"When watching for that distant clock to strike, our mind is so filled with its image that at every moment we think we hear the longed-for or dreaded sound. So of an awaited footstep. Every stir in the woods is for the hunter his game; for the fugitive his pursuers. Every bonnet in the street is momentarily taken by the lover to enshroud the head of his idol. The image in the mind is the attention; the preperception ... is half the perception of the looked-for thing."
--William James, Principles of Psychology
When we talk about being mentally tough in running and racing, it is often unclear exactly what we mean. Most commonly we seem to imagine the tough individual as the one who can endure the most pain. Ascetic philosophers and religious figures through history have seen the encounter with pain as purifying in a certain way. Pain allows us to test the strength of our will by providing an obstacle to it, allowing us to distinguish the actions we choose from what has become ingrained habit. Through this test we learn to what extent we are in control of ourselves, and perhaps these lessons can be extended to other areas of life. This ascetic picture tends to draw a tidy relation between the quantity of pain that one endures and the quantity of willpower that one possesses. The more pain that one can endure, the stronger the will, the tougher the competitor.
|Makau on his way to the WR.|
While the runner must monitor his effort closely and be very attuned to sensation and impending or present pain in the early stages of the race, James helps us understand how attention to pain can be detrimental in the later stages of the race. If, as he writes, "the preperception is half the perception of the looked-for thing," then the runner has to be wary of projecting onto his experience more pain than is actually felt. As pain rises up in the latter part of the race, attending to the pain actually magnifies its quantity, adding to the "actual pain" the image of pain in the mind's eye. The psychology behind this is exactly the same as the psychology of "ripping off a band-aid;" we rip it off quickly before the mind has a chance to pay much attention to the site of pain. Pain that we haven't prepared the mind to perceive is, actually, less pain.
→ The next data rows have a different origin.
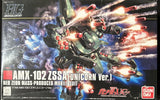BANDAI HG 1/144 AMX-102 ZSSA Unicorn Ver. US Seller New Model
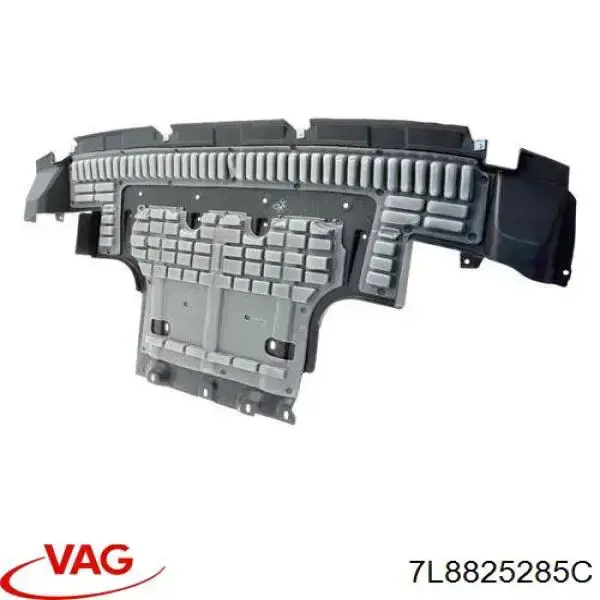 7L8825285C VAG захист двигуна, піддона (моторного відсіку)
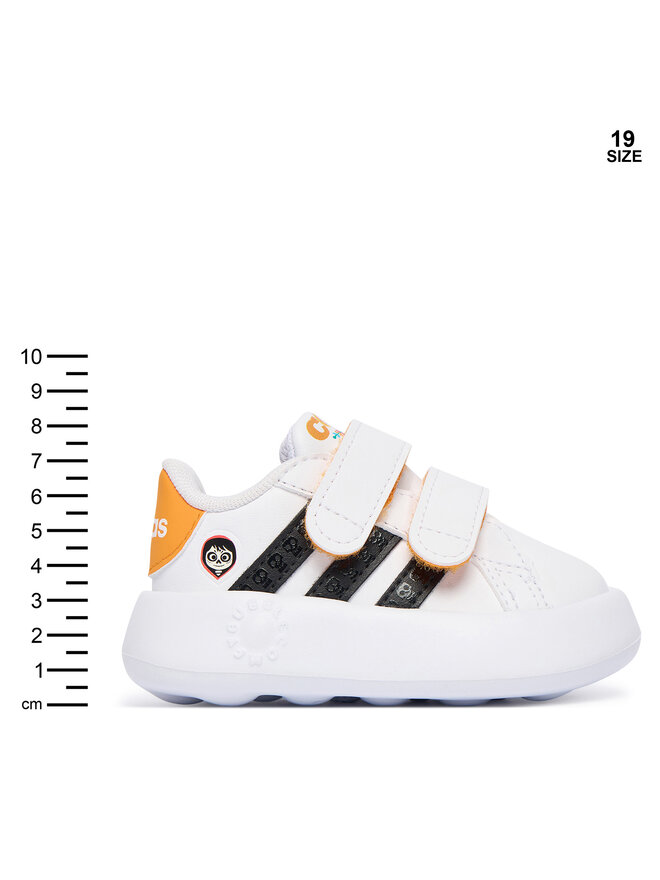 adidas Снікерcи adidas Disney Coco Grand Court JR5625 Білий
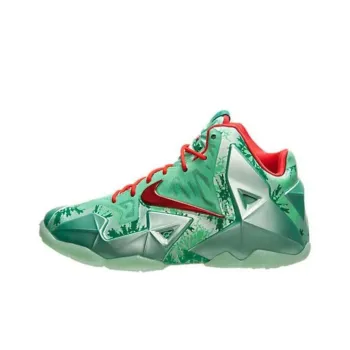 Nike LeBron 11 Christmas GS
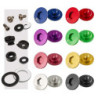 KIT DE ANCLAJES (SE06) - VIOLETA CASCO BELL
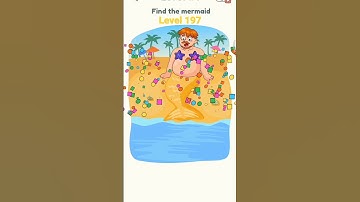 dop 3 displace one part level 196 ✔️ 197✔️ walkthrough gameplay solve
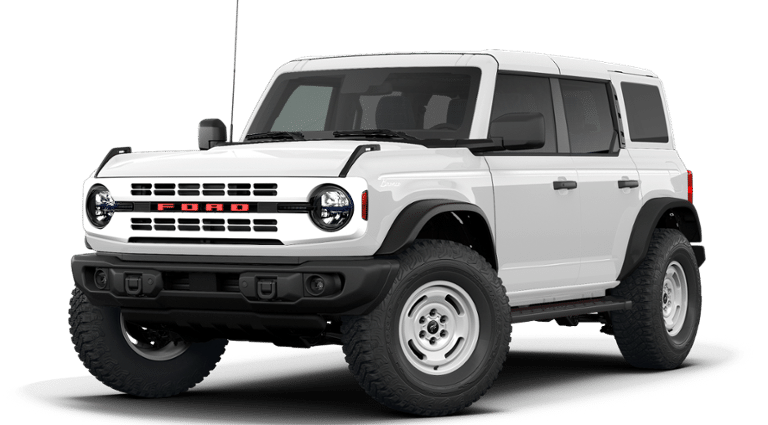 Thumbnail: 2026 Ford Bronco - 27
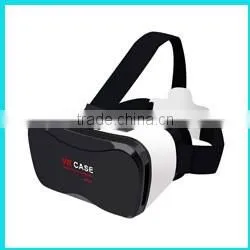 3D vr glasses vrarle vr box bluetooth for mobile phone 3d movies games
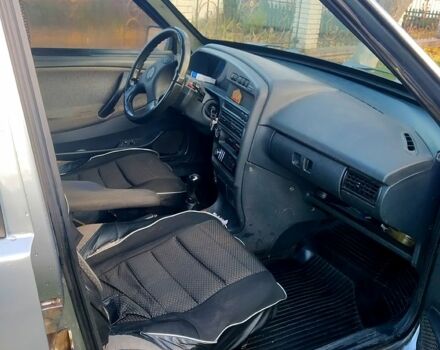 ВАЗ 21099 2008 в Кропивницком (Кировограде) на Automoto.ua Серый ВАЗ 21099, объемом двигателя 1.6 л и пробегом 278 тыс. км за 2800 $, фото 6 на Automoto.ua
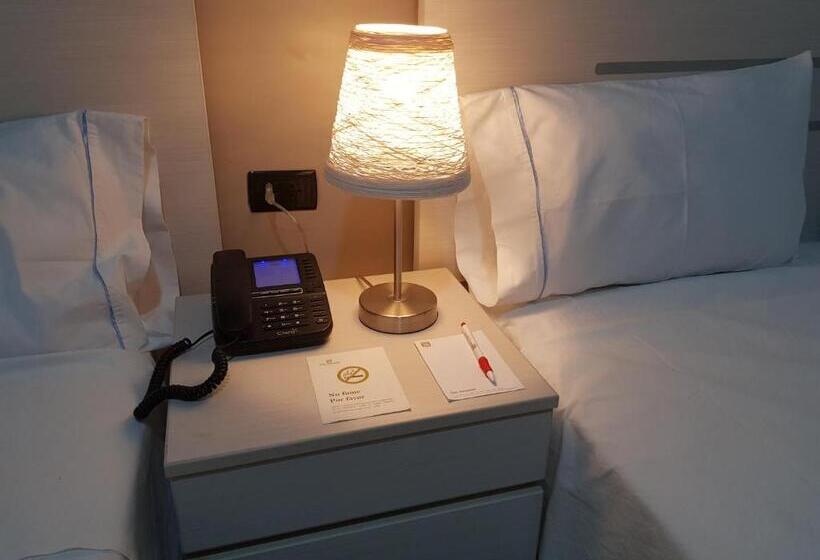 اتاق استاندارد, San Antonio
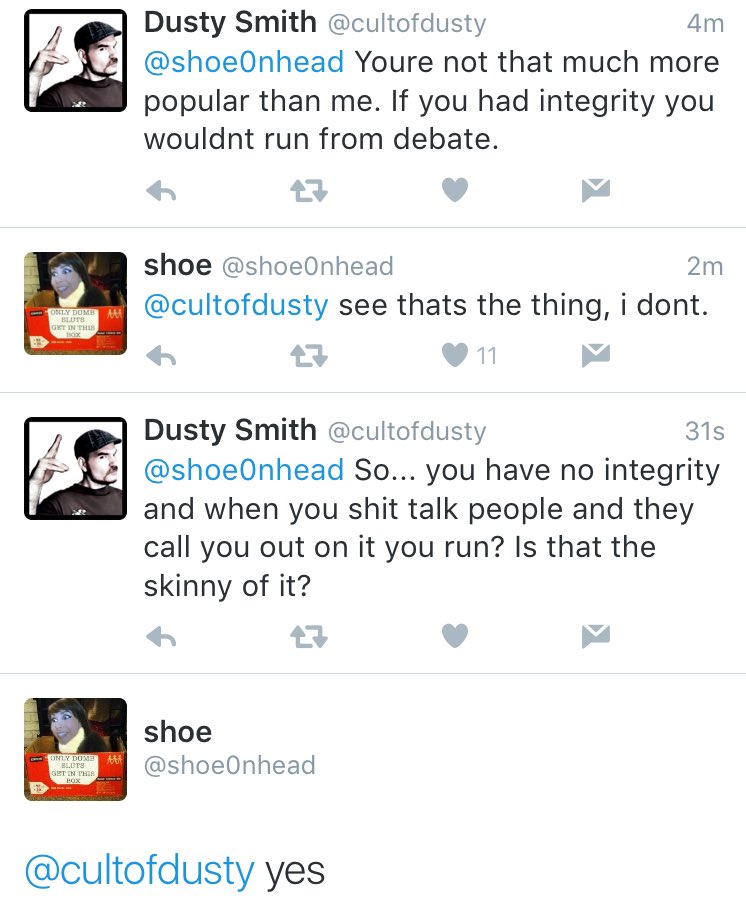 shoe0nhead's tweet photo. DEBATE ME 1v1 IN THE RING BRO 

holy fuck i love the world wide web https://t.co/QDDU4H8wAg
Thinking about the role of attention and preperception in pain allows us to understand more clearly the role that attention plays in toughness. Being mentally tough is less about confronting pain and more about controlling the attention. The toughest racers are those who allow their attention to be "consumed by the race," as a friend recently described it. Being tough, paradoxically, doesn't mean confronting the largest amount of pain. What it demands is literally not feeling the pain at all--keeping the attention absorbed in other things, like controlling the body, competing with rivals, maintaining the rhythms of the running motion. When we achieve a race like this, we usually call it a breakthrough. What has been "broken through" is an old preperception, an old habit of attending to an image of the self or of pain that was supposed to come but didn't.
The attention is the greatest tool of the human mind because it allows us to select from the world the stimuli to which we would like to respond. Intelligence, it seems to me, is a matter of selection; more about tuning things out than opening the mind. The great geniuses of history created a world that made some sense through acts of attention--selecting a single problem so that progress could be made, setting up the world as intelligible when apprehended along very particular lines. Great thinkers help us frame our vision--by telling us what to see or how to see, they also tell us what not to see.
|Tunnel vision is at the core of human intelligence.|
Perhaps it is counter-intuitive, but it seems to me that mental toughness is more about imagination than brute willpower. The toughest thing in life is breaking out of old habits of attention. This breaking out requires the imaginative invention of a better self--and the willingness to trust that preperception once imagined.